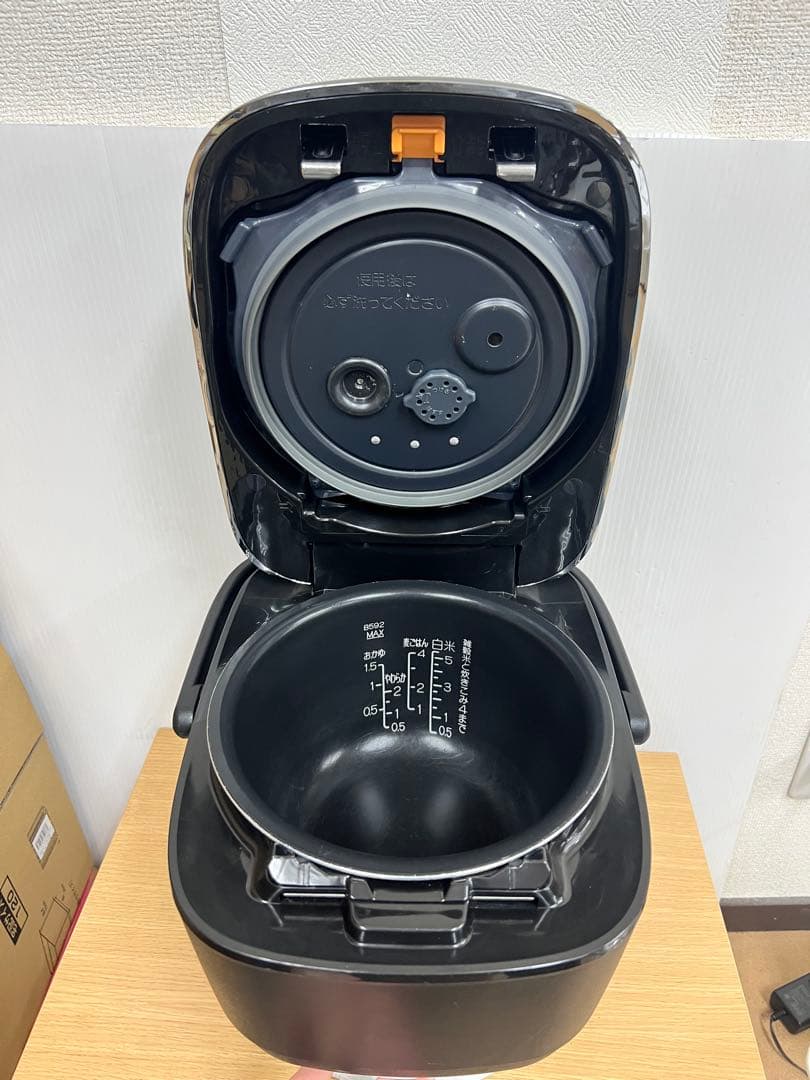 象印 圧力IH炊飯ジャー NW-PH10E8 2020年製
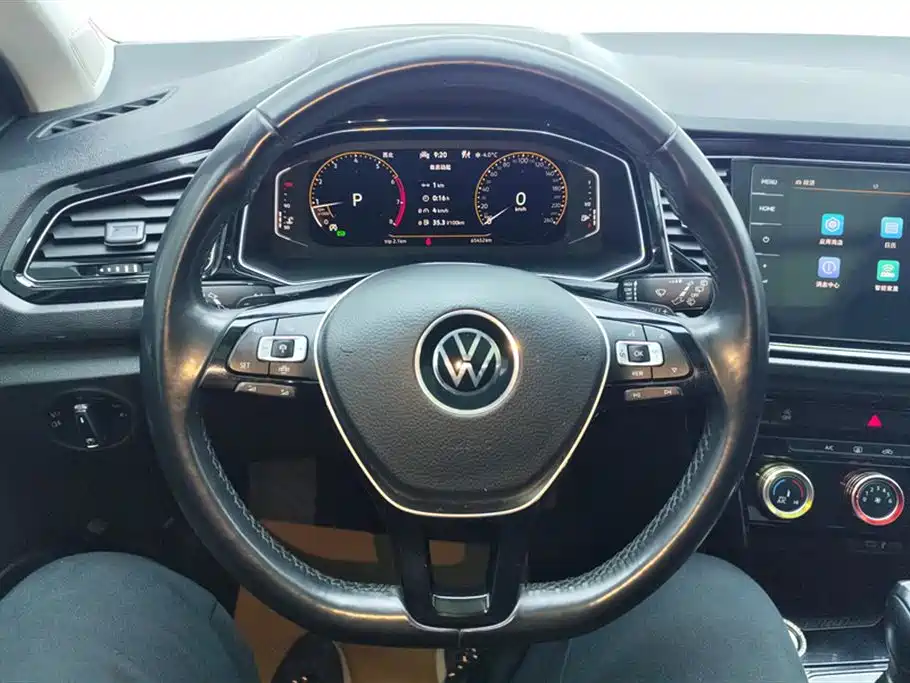 VOLKSWAGEN T ROC EXPLORING SONGS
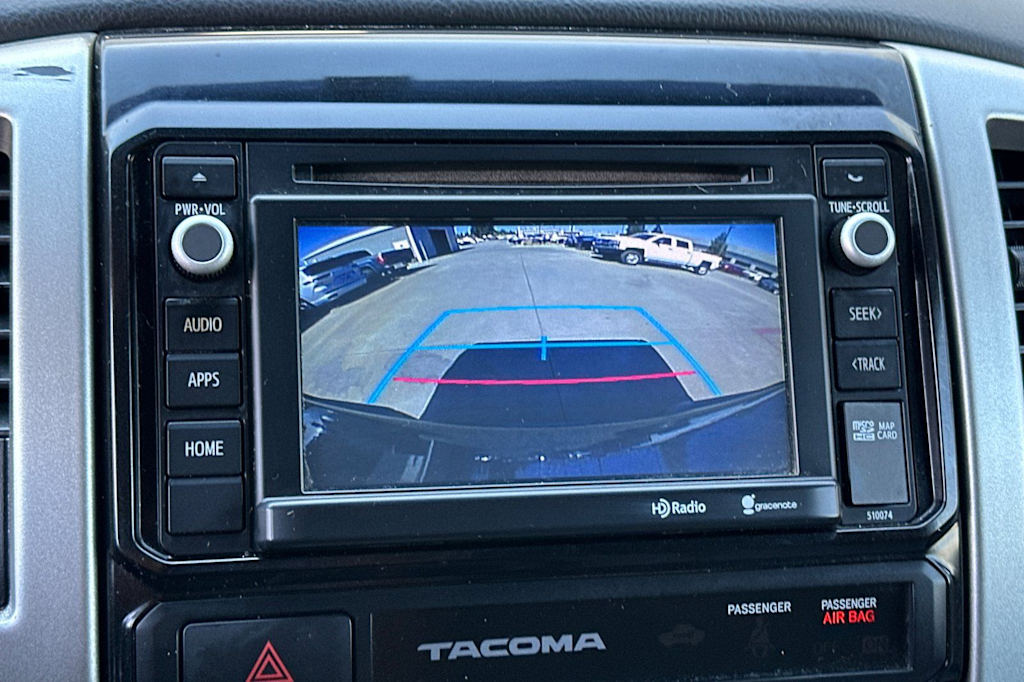 Thumbnail: 2015 Toyota Tacoma - 25
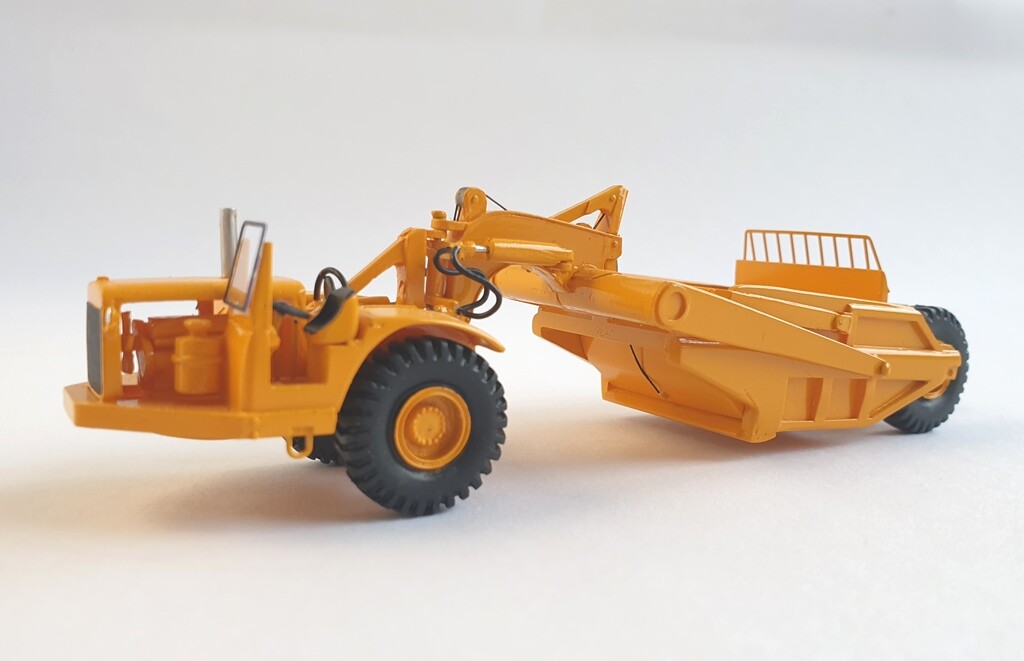 HO 1/87 CAT DW21 scraper – Custom Made Resin Model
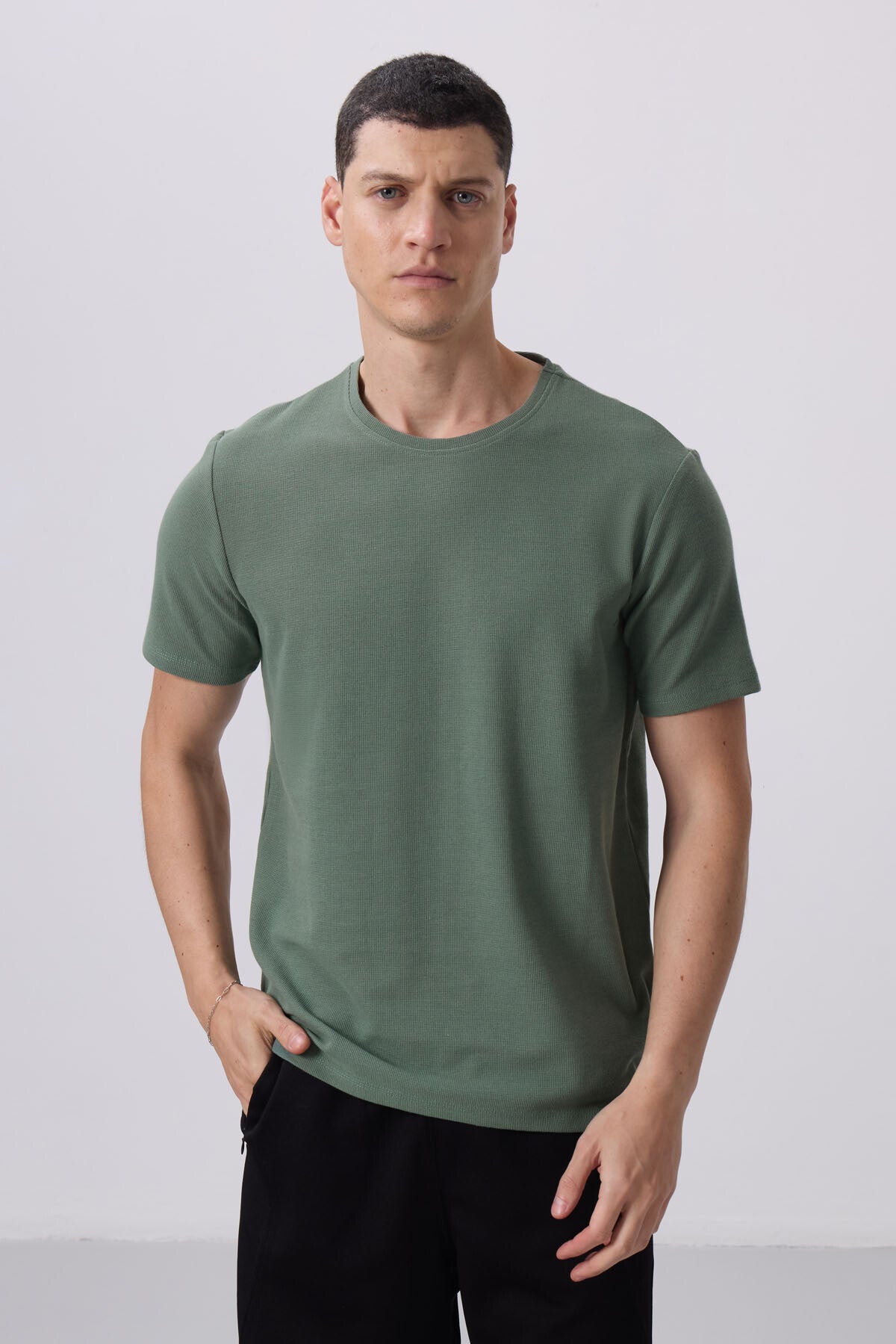 yüzeyi dokulu rahat form basic erkek t-shirt - 88436 - Justyol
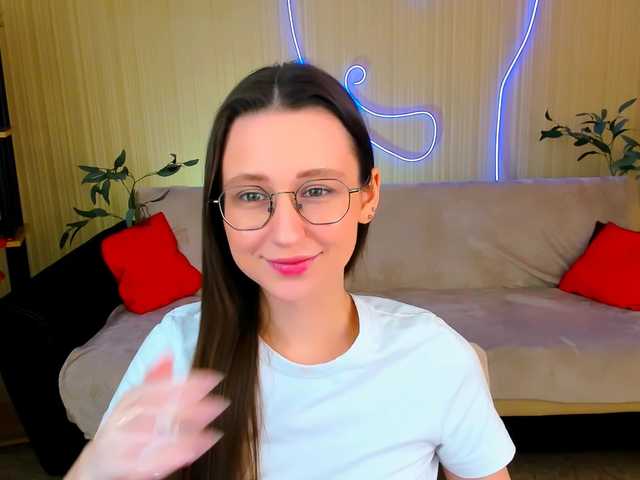 YourLovellyStory webcam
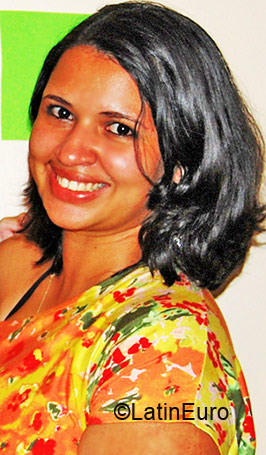 Date this sensual United States girl Daniely from Coconut Creek US6151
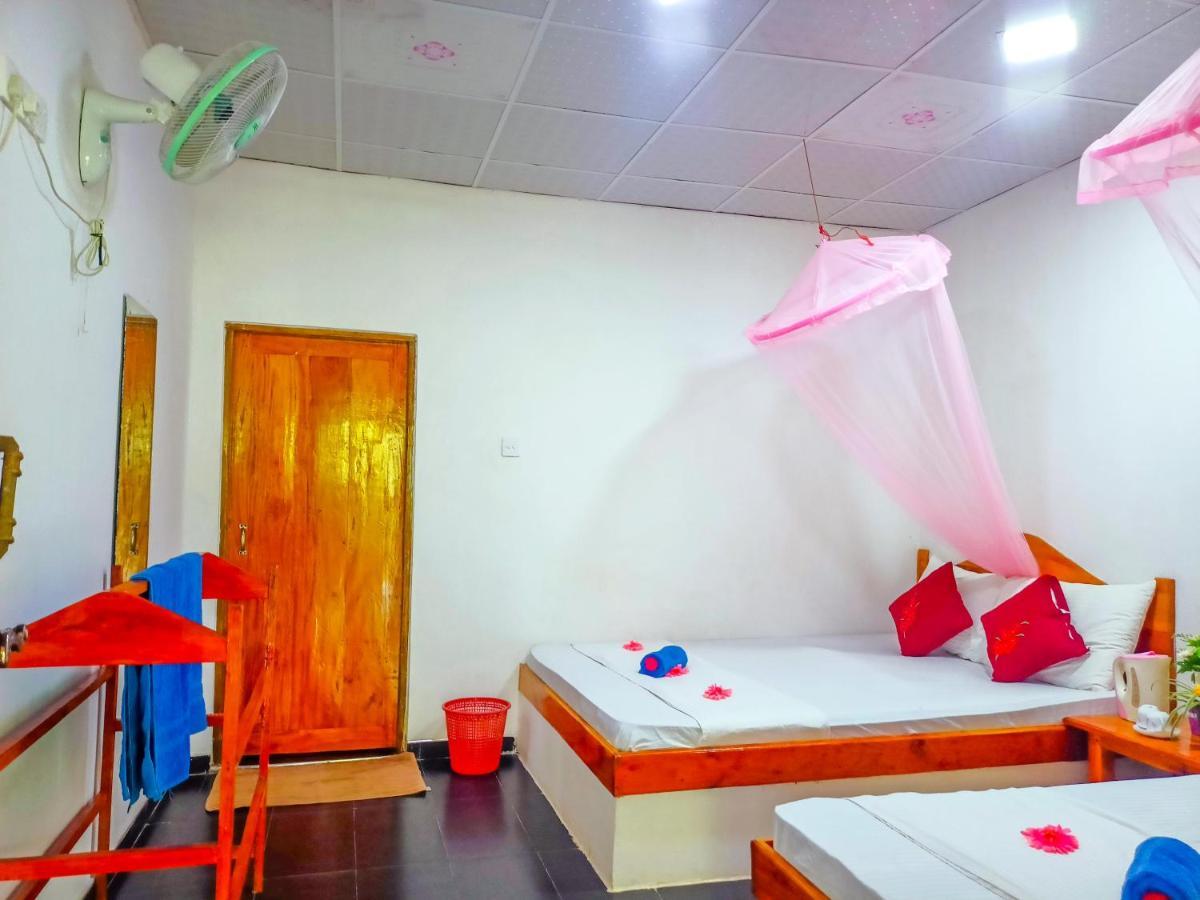 Sun Flower Homestay Сигирия Экстерьер фото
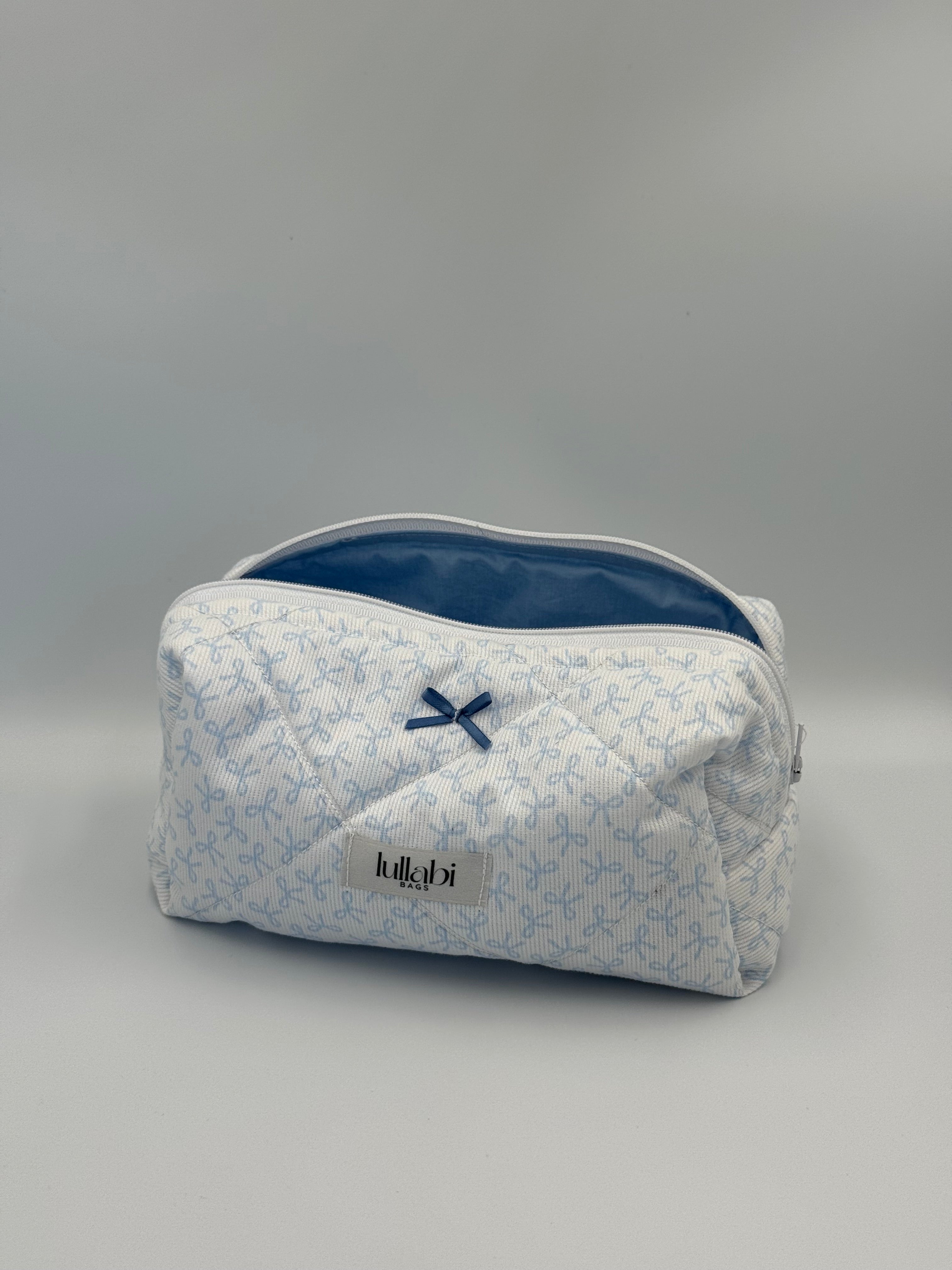 Beauty Bag Blue Coquette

## WHAT THE TASK REQUIRES
An exact reproduction of the lines from the line containing "yüzeyi dokulu rahat" through the end of the listing above is needed; pictures stay out.

## TASK SOLUTION
 yüzeyi dokulu rahat form basic erkek t-shirt - 88436 - Justyol
 YourLovellyStory webcam
 Date this sensual United States girl Daniely from Coconut Creek US6151
 Sun Flower Homestay Сигирия Экстерьер фото
 Beauty Bag Blue Coquette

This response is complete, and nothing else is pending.